## The data
_ _ _ _ _
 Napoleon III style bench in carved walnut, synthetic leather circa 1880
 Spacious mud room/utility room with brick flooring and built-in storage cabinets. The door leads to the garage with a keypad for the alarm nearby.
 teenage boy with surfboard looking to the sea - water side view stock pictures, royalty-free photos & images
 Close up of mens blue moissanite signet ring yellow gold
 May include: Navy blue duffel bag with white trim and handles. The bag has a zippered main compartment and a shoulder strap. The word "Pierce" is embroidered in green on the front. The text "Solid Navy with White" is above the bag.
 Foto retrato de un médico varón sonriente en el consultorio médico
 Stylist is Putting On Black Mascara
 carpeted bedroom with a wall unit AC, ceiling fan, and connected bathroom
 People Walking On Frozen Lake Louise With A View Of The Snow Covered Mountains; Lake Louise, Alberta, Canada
_ _ _ _ _
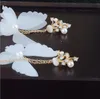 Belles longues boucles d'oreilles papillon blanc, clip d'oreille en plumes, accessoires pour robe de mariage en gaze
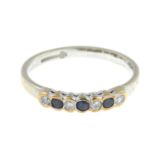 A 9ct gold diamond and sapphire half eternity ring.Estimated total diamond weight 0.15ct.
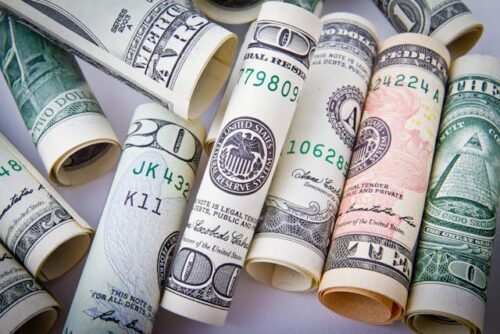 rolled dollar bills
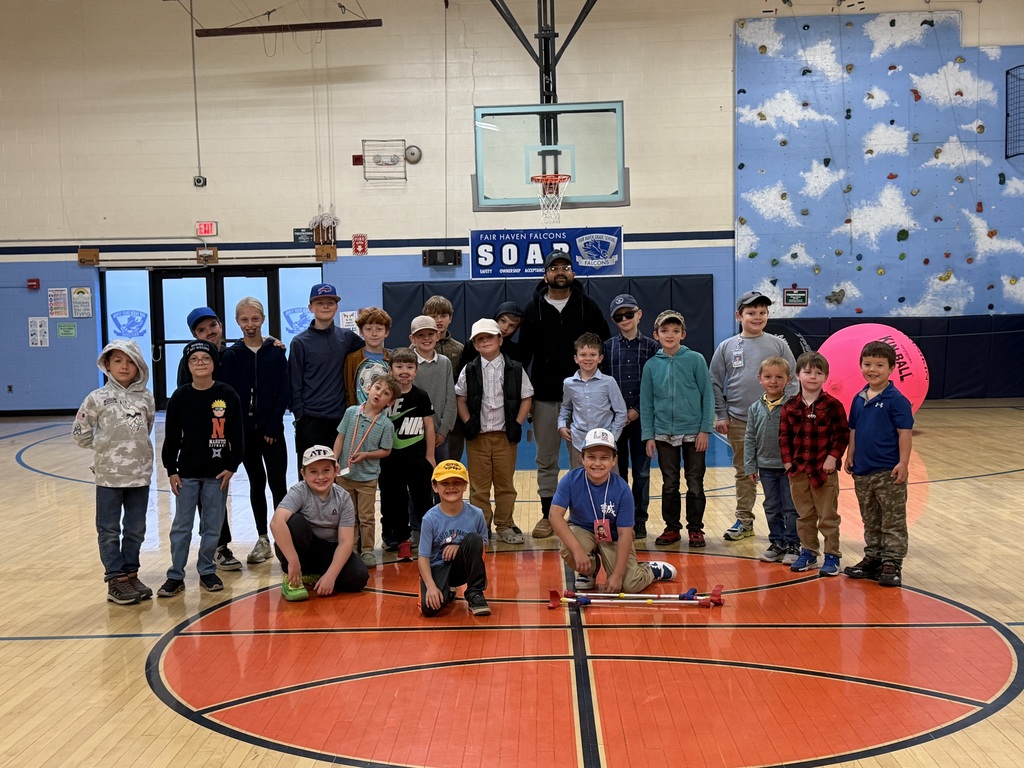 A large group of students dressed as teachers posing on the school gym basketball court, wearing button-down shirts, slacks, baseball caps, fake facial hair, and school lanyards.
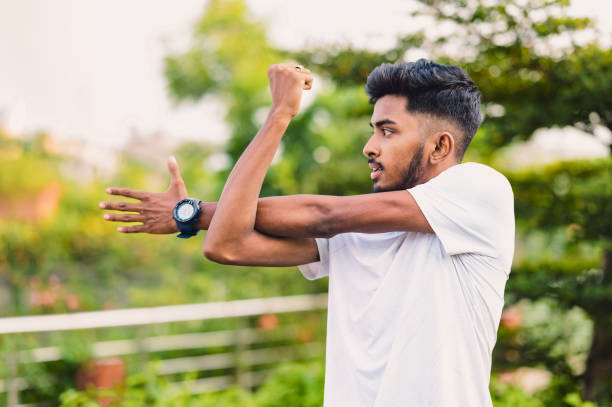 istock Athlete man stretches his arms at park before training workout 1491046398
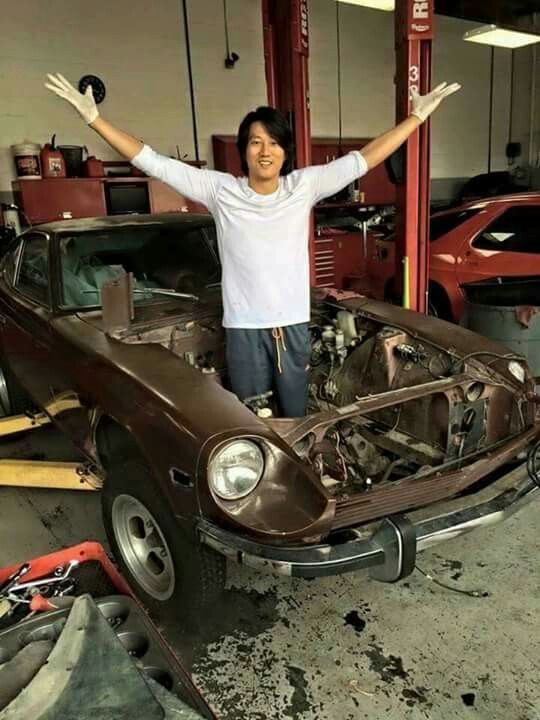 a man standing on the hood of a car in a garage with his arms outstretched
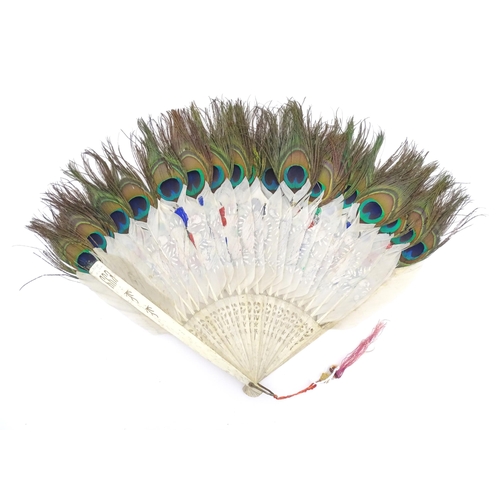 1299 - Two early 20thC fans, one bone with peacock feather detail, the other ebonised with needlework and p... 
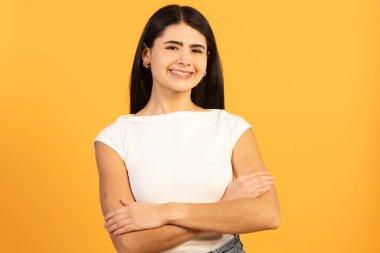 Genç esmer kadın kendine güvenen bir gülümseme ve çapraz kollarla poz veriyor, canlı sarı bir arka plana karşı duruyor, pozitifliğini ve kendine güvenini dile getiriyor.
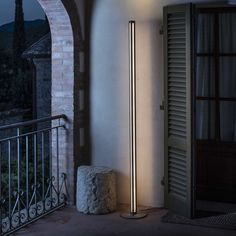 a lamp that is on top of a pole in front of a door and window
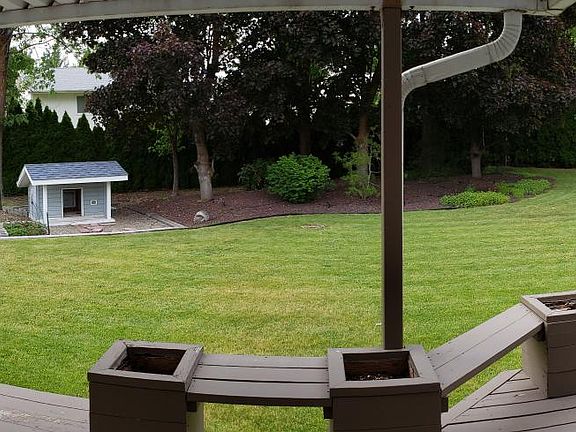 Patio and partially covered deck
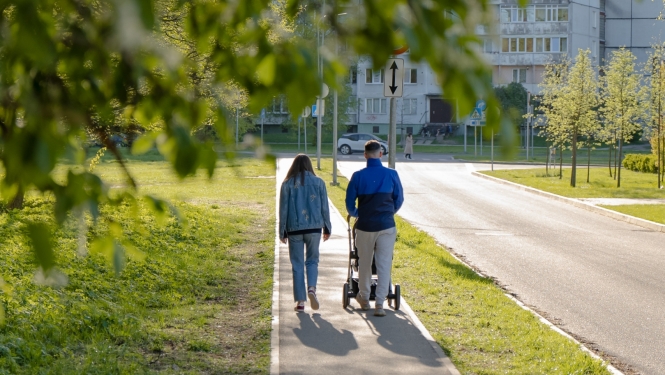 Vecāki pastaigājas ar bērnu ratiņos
_ _ _ _ _
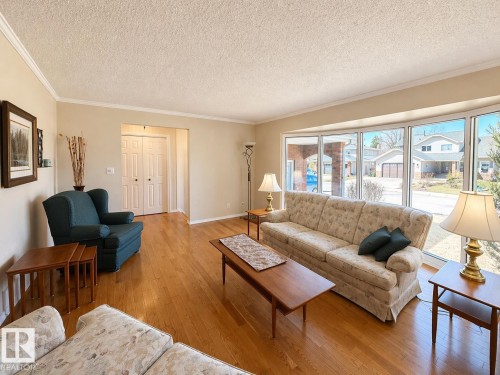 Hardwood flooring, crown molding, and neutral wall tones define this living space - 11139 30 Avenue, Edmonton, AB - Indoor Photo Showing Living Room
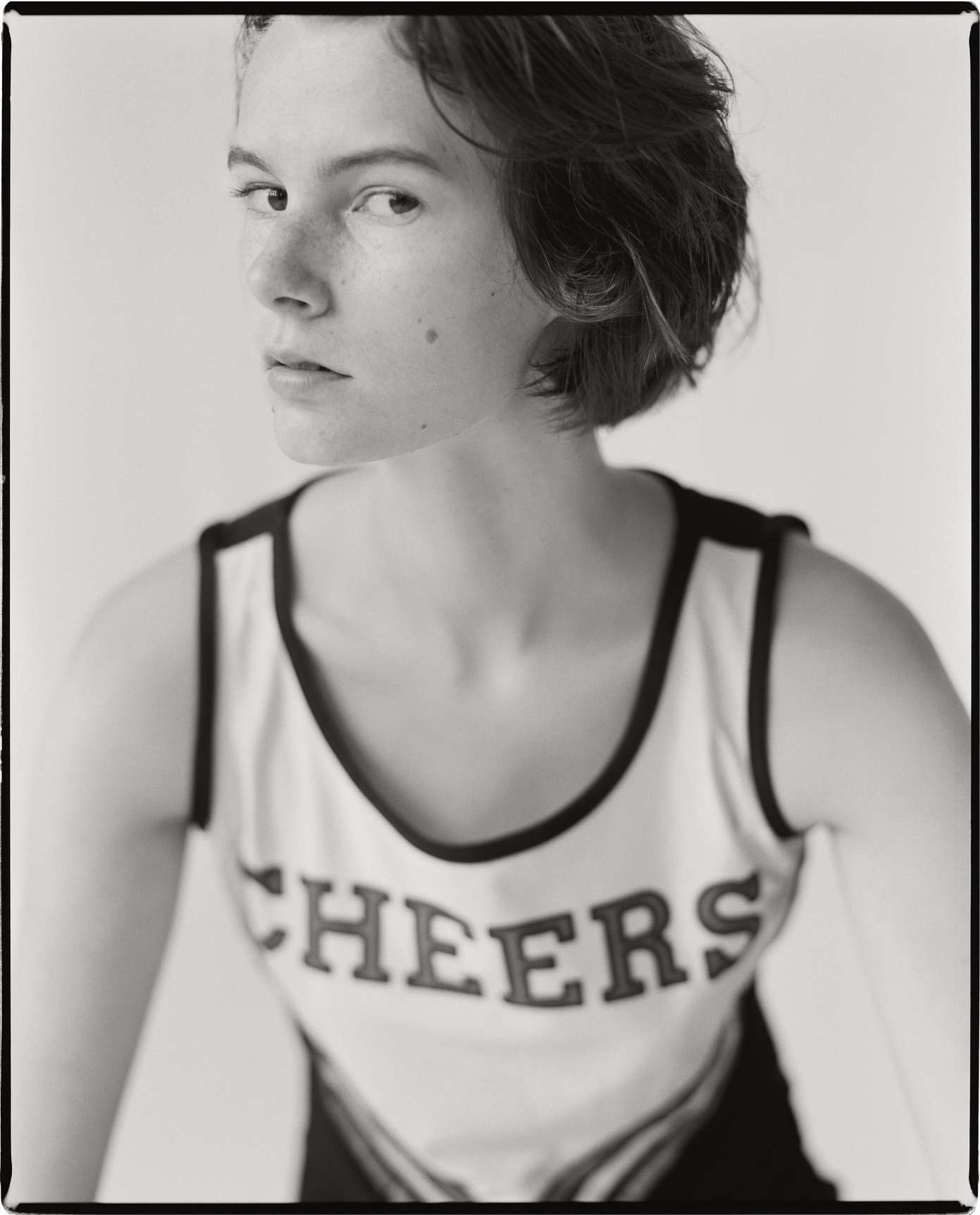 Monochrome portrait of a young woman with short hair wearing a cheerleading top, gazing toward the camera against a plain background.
_ _ _ _ _
Repeat exactly the lines above, beginning at the one containing "Patio and partially covered deck" and ending at the one containing "Vecāki pastaigājas ar bērnu ratiņos". Do not carry over any pictures.

## Answer to the problem
 Patio and partially covered deck
 Vecāki pastaigājas ar bērnu ratiņos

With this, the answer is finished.